There may be no better education about the uses and abuses of money than simply being alive right now. Inflation? Recession? Investment risks and opportunities? Supply chain disruptions? Regulatory distortions? We’re all soaking in an intense economics immersion class, not that any of us ever intended to register for these lessons. I’m treating it as an opportunity to enhance my son’s education.
Employment plays a major role in these lessons, since the shrinking labor participation rate has revived opportunities for teenagers willing to work. My son, Anthony, landed a job at the local supermarket and now fields frequent offers of more hours as his short-staffed managers try to fill the schedule.
At the supermarket, Anthony sees empty shelves alternating with unexpected gluts of some items. Inventory has become unpredictable because of lingering disruptions from pandemic lockdowns and the ongoing fracturing of the world into economic blocs.
“They’re completely out of paper towels,” Anthony told me one day, soon after the store was on the receiving end of a seeming peach avalanche. “You’d think they’d be able to plan this better.”
“They used to,” I told him. “But you can’t just turn economies on and off without causing big trouble.” That turned into a discussion about the lockdowns of the last couple of years and their effect on labor, production, and supply.
Conversations like that can lead to larger lessons. Fortunately, Milton Friedman’s 1980 Free to Choose miniseries, which explains how people are enriched by markets and impoverished by government intervention, is available on Amazon Prime. So are free market videos by Swedish historian Johan Norberg, including a 2011 update on Friedman’s series. Norberg’s recent work on YouTube displays a broad appreciation for innovation and classical liberal ideas.
But to dive deep into money-related issues, you must turn to the written word. So Anthony’s homeschooling curriculum included a thorough reading of Henry Hazlitt’s classic Economics in One Lesson, which has sold more than 1 million copies. First published in 1946, the book was last updated by the author in 1978, during a period of high inflation resulting from fiscal and monetary extravagance of the sort Hazlitt had long criticized. “So far as the politicians are concerned,” he complained, “the lesson that this book tried to instill more than thirty years ago does not seem to have been learned anywhere.”
Hazlitt probably would be banging his head on his desk if he were still with us, since government officials have yet to learn their lesson. As inflation again soars and wages fail to keep up, my son is getting a practical education in the erosion of purchasing power with each paycheck he brings home. To shield him from the worst, we had him put his money in a youth brokerage account linked to a debit card instead of a savings account. But stock market returns right now are not much better than the paltry interest rates offered by banks.
The brokerage app helpfully color-codes gains and losses. “It’s nerve-wracking to see the day end in red print,” Anthony told me.
“Yes, it is, buddy,” I replied. “Now, imagine that happening to pretty much the entire planet.”

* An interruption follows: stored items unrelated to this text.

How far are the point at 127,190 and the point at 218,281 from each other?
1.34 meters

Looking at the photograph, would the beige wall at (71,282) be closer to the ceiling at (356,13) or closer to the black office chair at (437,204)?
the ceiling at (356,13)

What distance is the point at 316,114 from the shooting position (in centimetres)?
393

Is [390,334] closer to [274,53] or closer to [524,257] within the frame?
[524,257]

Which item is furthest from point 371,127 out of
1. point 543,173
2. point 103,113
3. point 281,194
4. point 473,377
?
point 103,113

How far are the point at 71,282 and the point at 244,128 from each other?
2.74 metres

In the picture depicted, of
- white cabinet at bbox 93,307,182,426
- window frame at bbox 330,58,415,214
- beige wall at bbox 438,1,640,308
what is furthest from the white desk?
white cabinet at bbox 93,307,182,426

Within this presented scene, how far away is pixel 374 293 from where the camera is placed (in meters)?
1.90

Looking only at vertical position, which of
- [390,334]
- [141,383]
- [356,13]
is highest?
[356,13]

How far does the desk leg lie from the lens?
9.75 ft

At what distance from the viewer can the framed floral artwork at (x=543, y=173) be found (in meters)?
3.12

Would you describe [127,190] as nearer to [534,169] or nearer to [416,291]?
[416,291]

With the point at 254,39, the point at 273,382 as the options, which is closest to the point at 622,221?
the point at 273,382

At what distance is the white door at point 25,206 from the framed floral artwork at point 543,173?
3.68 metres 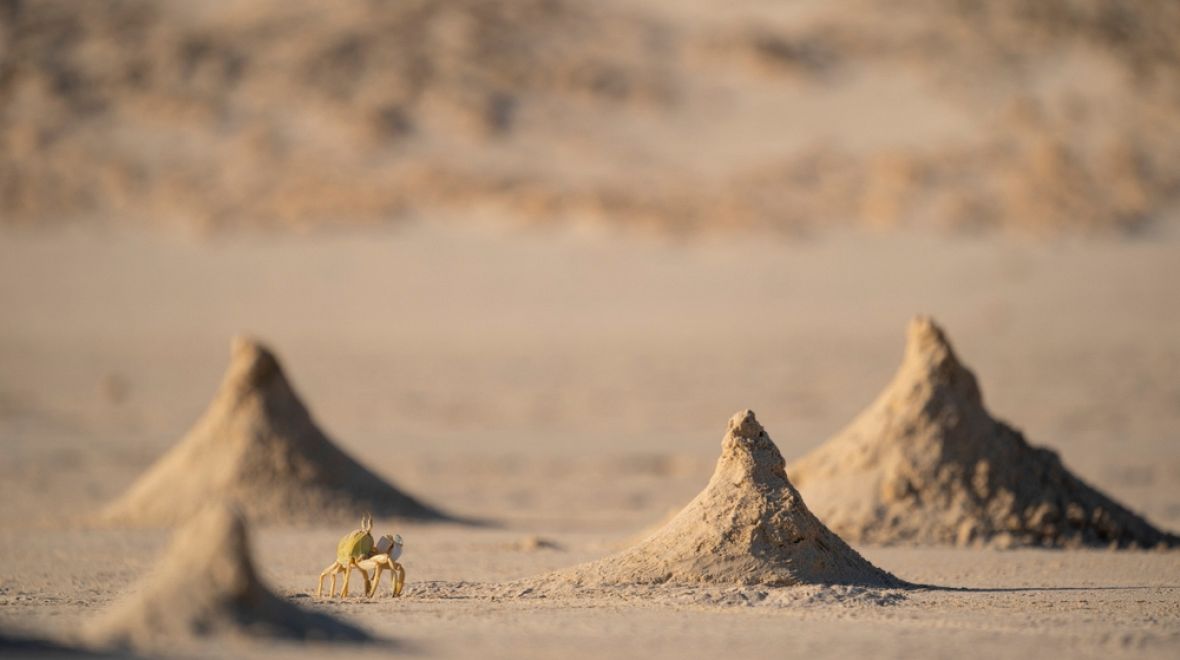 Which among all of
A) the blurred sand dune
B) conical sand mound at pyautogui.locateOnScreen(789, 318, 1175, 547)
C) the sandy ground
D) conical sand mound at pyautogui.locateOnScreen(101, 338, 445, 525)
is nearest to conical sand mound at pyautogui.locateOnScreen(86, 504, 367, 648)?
the sandy ground

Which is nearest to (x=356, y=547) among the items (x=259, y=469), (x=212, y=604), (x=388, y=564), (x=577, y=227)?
(x=388, y=564)

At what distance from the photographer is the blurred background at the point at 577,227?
1725 cm

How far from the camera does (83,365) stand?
22.1 meters

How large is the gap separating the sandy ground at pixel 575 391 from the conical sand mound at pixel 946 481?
355mm

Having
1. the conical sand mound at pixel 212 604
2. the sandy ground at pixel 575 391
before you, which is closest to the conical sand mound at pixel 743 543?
the sandy ground at pixel 575 391

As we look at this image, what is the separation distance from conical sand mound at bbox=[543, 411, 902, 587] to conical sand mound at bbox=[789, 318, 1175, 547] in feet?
5.87

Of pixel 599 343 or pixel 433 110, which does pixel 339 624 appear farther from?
pixel 433 110

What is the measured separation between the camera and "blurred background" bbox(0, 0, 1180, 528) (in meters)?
17.2

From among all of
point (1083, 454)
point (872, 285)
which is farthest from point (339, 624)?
point (872, 285)

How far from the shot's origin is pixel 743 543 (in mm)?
7121

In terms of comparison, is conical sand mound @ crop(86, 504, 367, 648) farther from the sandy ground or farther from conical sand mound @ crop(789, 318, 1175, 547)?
conical sand mound @ crop(789, 318, 1175, 547)

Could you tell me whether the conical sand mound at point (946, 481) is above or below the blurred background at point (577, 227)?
below

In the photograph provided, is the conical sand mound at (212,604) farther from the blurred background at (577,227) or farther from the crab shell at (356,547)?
the blurred background at (577,227)

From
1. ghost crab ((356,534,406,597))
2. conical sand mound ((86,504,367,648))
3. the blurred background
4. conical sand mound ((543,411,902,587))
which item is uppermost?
the blurred background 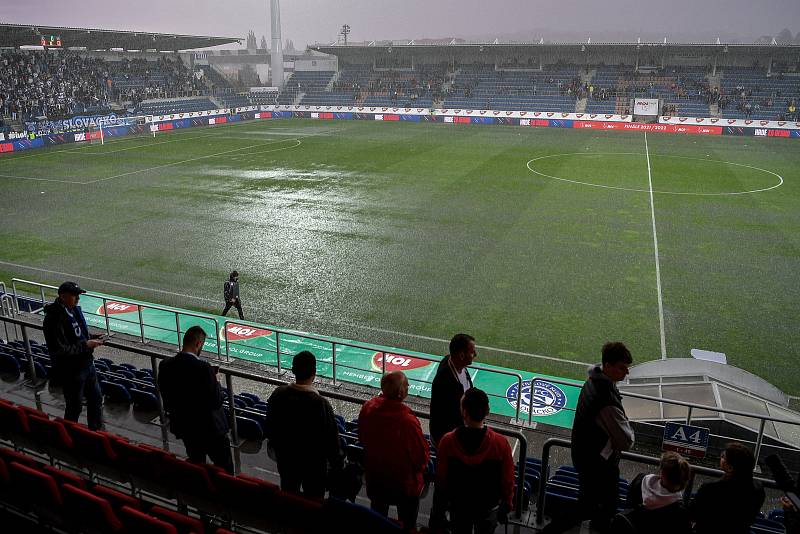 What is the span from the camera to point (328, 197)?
2720 centimetres

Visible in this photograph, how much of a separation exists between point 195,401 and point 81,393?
2.38 meters

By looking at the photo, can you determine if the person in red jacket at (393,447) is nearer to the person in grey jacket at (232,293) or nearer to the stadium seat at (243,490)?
the stadium seat at (243,490)

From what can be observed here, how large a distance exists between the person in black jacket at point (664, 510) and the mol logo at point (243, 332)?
1054 centimetres

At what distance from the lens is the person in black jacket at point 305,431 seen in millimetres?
4645

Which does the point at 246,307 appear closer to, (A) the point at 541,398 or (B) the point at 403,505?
(A) the point at 541,398

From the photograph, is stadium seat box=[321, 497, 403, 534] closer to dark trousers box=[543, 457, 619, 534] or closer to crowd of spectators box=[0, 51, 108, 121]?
dark trousers box=[543, 457, 619, 534]

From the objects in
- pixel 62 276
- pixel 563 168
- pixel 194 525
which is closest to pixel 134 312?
pixel 62 276

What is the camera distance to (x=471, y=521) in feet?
14.1

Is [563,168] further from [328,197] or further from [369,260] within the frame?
[369,260]

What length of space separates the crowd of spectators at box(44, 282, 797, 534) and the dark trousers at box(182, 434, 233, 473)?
0.01 metres

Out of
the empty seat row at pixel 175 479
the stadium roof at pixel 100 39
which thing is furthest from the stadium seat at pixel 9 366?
the stadium roof at pixel 100 39

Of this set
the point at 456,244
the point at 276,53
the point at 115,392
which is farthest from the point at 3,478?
the point at 276,53

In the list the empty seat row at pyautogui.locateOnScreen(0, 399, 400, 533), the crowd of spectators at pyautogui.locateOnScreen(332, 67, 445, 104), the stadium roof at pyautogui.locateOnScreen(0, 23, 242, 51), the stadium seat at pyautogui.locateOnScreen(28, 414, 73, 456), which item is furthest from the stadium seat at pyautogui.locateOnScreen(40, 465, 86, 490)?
the crowd of spectators at pyautogui.locateOnScreen(332, 67, 445, 104)

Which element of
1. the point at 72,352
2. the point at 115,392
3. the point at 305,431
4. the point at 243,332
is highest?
the point at 305,431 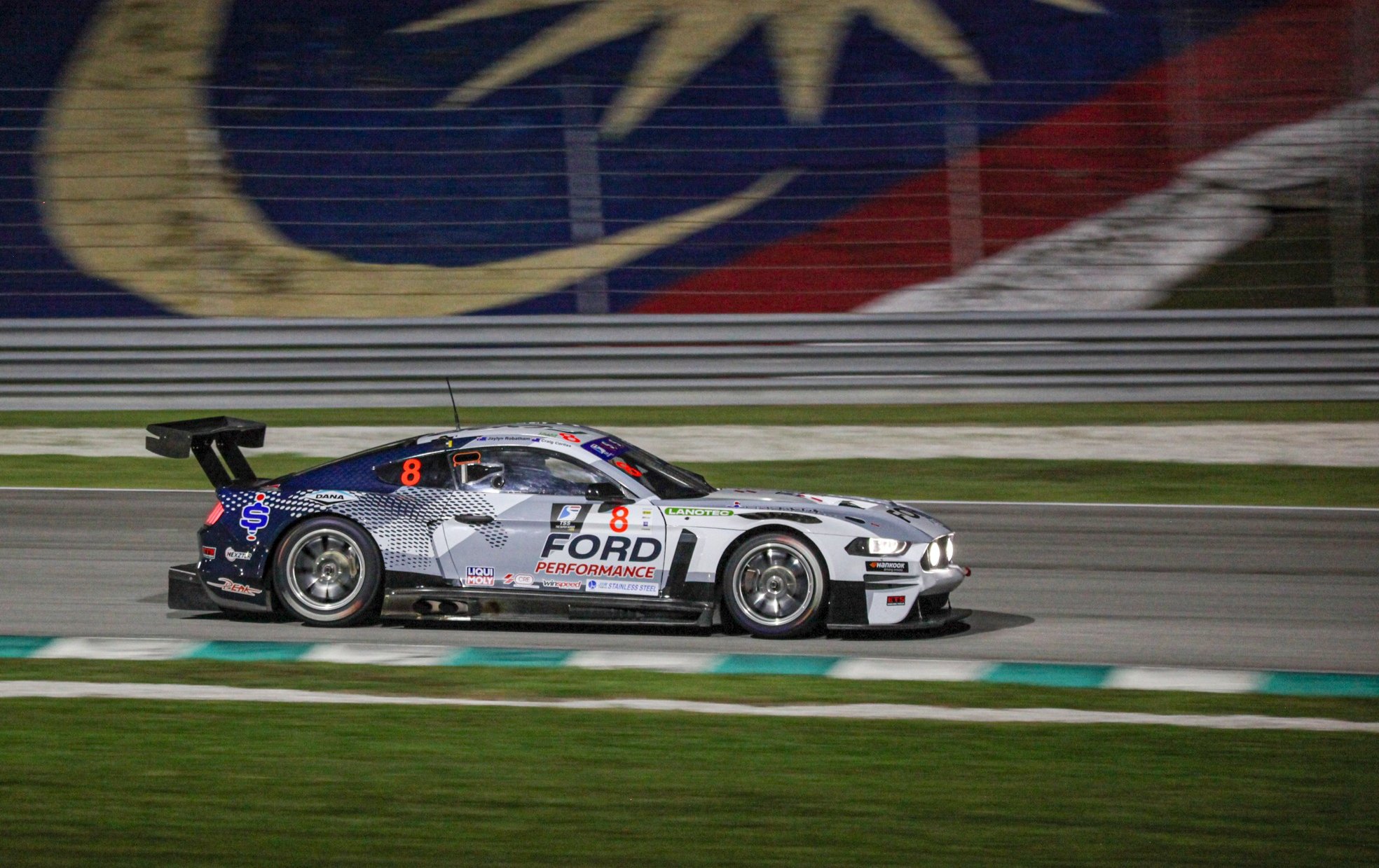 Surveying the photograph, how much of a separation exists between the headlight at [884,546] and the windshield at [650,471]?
0.99 meters

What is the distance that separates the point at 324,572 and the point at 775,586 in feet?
7.80

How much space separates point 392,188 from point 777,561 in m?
10.4

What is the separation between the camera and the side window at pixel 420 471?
27.9 feet

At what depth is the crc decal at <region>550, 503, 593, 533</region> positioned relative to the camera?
27.1 ft

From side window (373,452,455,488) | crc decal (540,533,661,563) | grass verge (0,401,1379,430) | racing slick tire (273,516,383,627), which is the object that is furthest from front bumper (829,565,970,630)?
grass verge (0,401,1379,430)

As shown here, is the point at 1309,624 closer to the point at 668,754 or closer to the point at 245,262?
the point at 668,754

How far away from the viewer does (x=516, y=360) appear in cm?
1577

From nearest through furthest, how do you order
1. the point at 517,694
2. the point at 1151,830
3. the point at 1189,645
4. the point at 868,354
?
the point at 1151,830, the point at 517,694, the point at 1189,645, the point at 868,354

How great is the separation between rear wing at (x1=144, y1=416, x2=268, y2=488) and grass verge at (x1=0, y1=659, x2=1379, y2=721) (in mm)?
1353

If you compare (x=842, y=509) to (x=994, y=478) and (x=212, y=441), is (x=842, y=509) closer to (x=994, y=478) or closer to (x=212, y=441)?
(x=212, y=441)

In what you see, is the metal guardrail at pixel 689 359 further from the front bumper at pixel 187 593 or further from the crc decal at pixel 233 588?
the crc decal at pixel 233 588

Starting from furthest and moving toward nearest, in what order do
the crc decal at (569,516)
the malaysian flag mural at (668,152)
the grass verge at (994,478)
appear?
the malaysian flag mural at (668,152), the grass verge at (994,478), the crc decal at (569,516)

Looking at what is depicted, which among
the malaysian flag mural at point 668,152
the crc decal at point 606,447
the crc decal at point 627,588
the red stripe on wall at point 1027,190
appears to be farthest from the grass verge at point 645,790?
the red stripe on wall at point 1027,190

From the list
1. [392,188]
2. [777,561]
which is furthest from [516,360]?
[777,561] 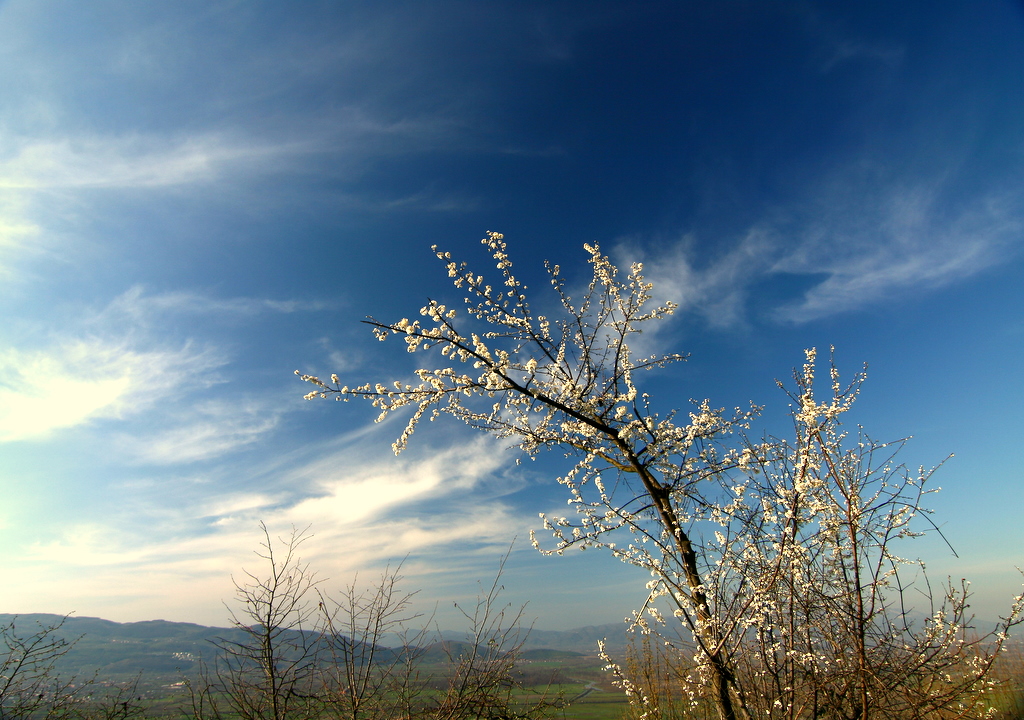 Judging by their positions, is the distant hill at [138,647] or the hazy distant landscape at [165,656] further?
the distant hill at [138,647]

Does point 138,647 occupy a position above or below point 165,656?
below

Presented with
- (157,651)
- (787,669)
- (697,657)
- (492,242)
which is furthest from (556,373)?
(157,651)

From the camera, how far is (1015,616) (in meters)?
4.02

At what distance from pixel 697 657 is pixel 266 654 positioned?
14.2ft

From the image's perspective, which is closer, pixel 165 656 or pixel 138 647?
pixel 165 656

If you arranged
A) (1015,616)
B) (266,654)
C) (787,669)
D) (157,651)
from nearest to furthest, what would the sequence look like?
1. (787,669)
2. (1015,616)
3. (266,654)
4. (157,651)

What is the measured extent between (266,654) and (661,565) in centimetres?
422

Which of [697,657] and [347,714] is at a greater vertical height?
[697,657]

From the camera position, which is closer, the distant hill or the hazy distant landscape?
the hazy distant landscape

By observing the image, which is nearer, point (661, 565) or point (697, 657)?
point (697, 657)

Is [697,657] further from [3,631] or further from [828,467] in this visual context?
[3,631]

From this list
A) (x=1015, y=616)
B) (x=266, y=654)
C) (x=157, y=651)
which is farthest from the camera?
(x=157, y=651)

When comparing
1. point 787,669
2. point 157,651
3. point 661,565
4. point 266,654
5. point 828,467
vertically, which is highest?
point 828,467

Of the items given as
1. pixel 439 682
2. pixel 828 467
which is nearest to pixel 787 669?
pixel 828 467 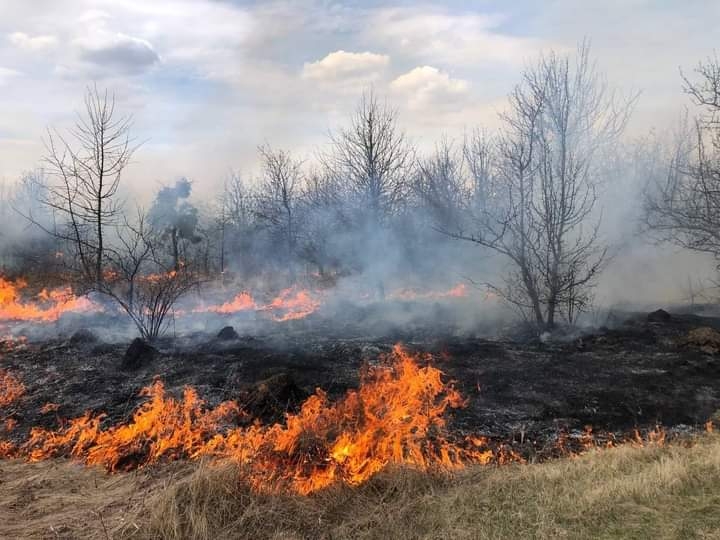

Of course, we hope for better in the future. With that in mind, we opened a Roth IRA in Anthony’s name, where he can drop those paychecks to fund his old age. If investing for the long term turns out to be pointless, the kid will have more to worry about than stock market returns. But if that’s the case, we’ve made sure he also has bullets to trade for beans. Call it a diversified portfolio.
We can’t control the world around us or prevent the powers that be from throwing monkey wrenches into the works of the global economy. But at least we can treat the results of bad policy as case studies for what might otherwise have been dry lessons in economics and finance. It’s fun to study money in boom times, but it’s absolutely vital that we learn from busts.